Scientists at the Advanced Science Research Center at The Graduate Center, CUNY (CUNY ASRC) and Northwestern University say they have created a 4D printer capable of constructing patterned surfaces that recreate the complexity of cell surfaces. The technology, detailed in a paper “Polymer brush hypersurface photolithography,” in Nature Communications, allows scientists to combine organic chemistry, surface science, and nanolithography to construct precisely designed nanopatterned surfaces that are decorated with delicate organic or biological molecules, according to the team.

The surfaces will have a wide variety of uses, including in drug research, biosensor development, and advanced optics, note the researchers who add that this technology can create surfaces with different materials, and these materials can be patterned across the surface without the use of expensive photomasks or tedious clean room processes.

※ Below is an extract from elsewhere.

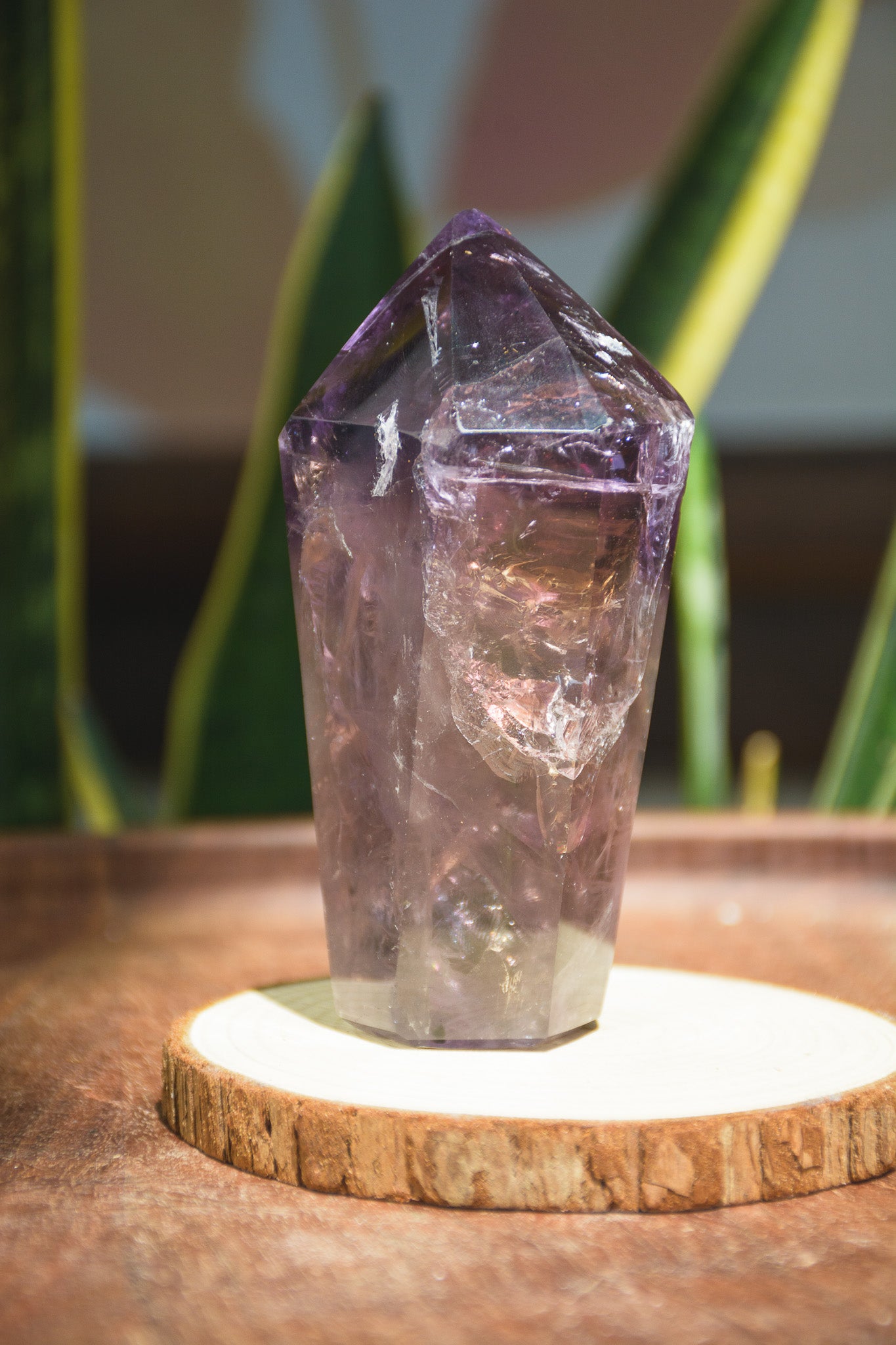 Royal Bahia Amethyst Tower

“I am often asked if I’ve used this instrument to print a specific chemical or prepare a particular system,” said the study’s primary investigator Adam Braunschweig, PhD, a faculty member with the CUNY ASRC Nanoscience Initiative and The Graduate Center and Hunter College Chemistry Departments. “My response is that we’ve created a new tool for performing organic chemistry on surfaces, and its usage and application are only limited by the imagination of the user and their knowledge of organic chemistry.”

The printing method, called Polymer Brush Hypersurface Photolithography, combines microfluidics, organic photochemistry, and advanced nanolithography to create a mask-free printer capable of preparing multiplexed arrays of delicate organic and biological matter. The system reportedly overcomes a number of limitations present in other biomaterial printing techniques, allowing researchers to create 4D objects with precisely structured matter and tailored chemical composition at each voxel—a capability the authors refer to as “hypersurface lithography”.

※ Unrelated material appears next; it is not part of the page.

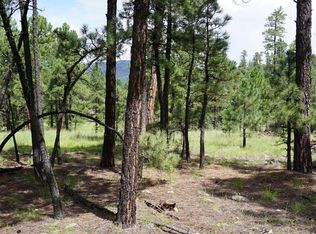 1 P O Co Rd #X, Alpine, AZ 85920
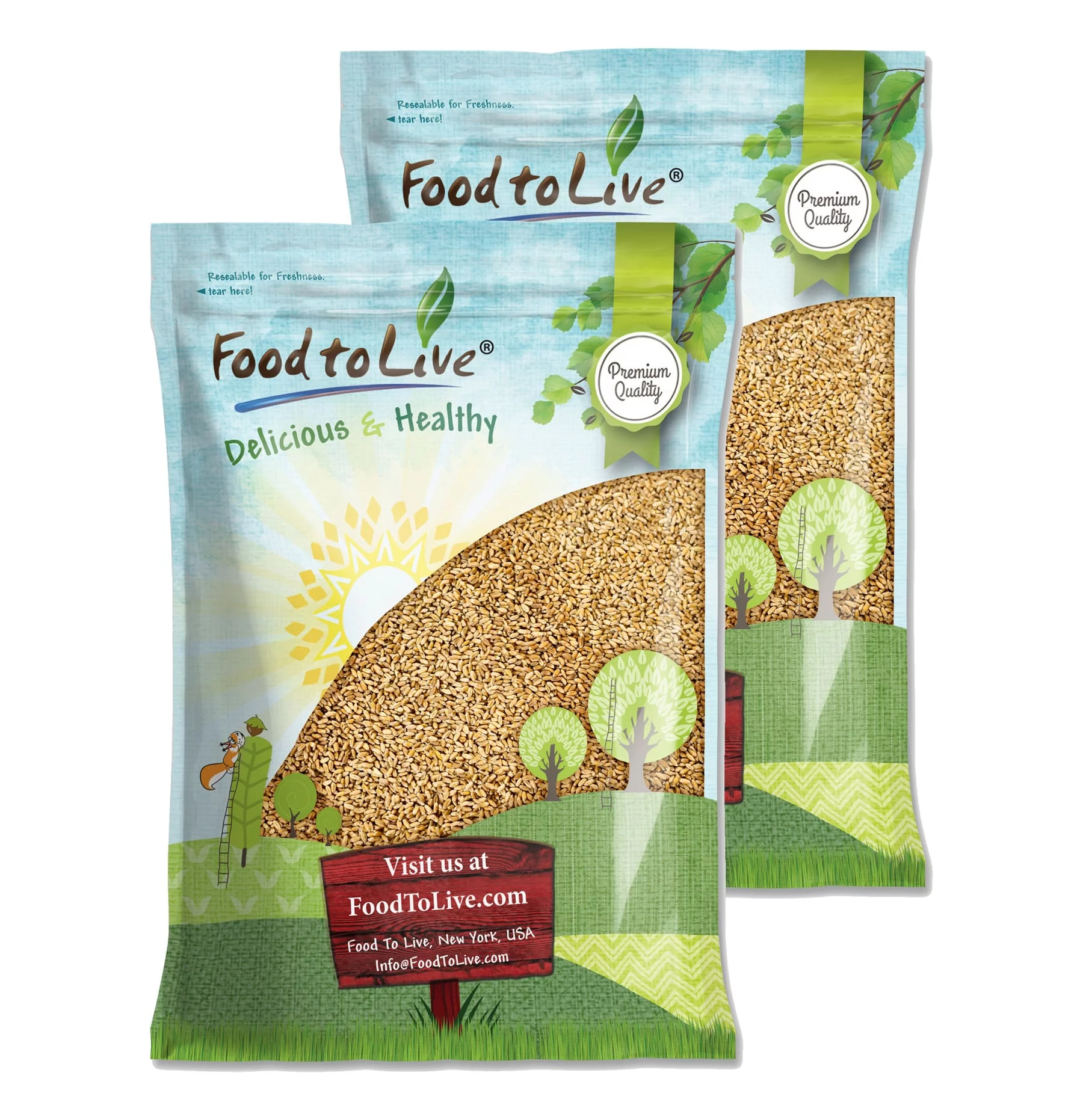 Wheat Berries, 20 Pounds — Kosher, Sproutable, Raw, Vegan — by Food to Live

“Polymer brush patterns have a central role in established and emerging research disciplines, from microarrays and smart surfaces to tissue engineering. The properties of these patterned surfaces are dependent on monomer composition, polymer height, and brush distribution across the surface. No current lithographic method, however, is capable of adjusting each of these variables independently and with micrometer-scale resolution,” write the investigators.

“Here we report a technique termed Polymer Brush Hypersurface Photolithography, which produces polymeric pixels by combining a digital micromirror device (DMD), an air-free reaction chamber, and microfluidics to independently control monomer composition and polymer height of each pixel. The printer capabilities are demonstrated by preparing patterns from combinatorial polymer and block copolymer brushes. Images from polymeric pixels are created using the light reflected from a DMD to photochemically initiate atom-transfer radical polymerization from initiators immobilized on Si/SiO2 wafers. Patterning is combined with high-throughput analysis of grafted-from polymerization kinetics, accelerating reaction discovery, and optimization of polymer coatings.”

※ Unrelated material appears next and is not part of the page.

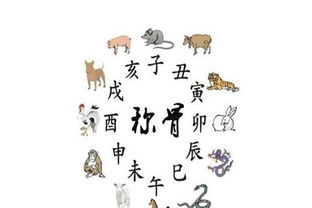 三两一钱女命姻缘(三两一钱女命运)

“Researchers have been working toward using lithographic techniques to pattern surfaces with biomolecules, but to date we haven’t developed a system sophisticated enough to construct something as complicated as a cell surface,” said Daniel Valles, a Graduate Center, CUNY doctoral student in Braunschweig’s lab. “We envision using this system to assemble synthetic cells that allow researchers to replicate and understand the interactions that occur on living cells, which will lead to the rapid development of medicines and other bioinspired technologies.”

As proof-of-concept, the researchers printed polymer brush patterns using precise doses of light to control the polymer height at each pixel. As illustrated by the Lady Liberty image, coordination between the microfluidics and the light source control the chemical composition at each pixel.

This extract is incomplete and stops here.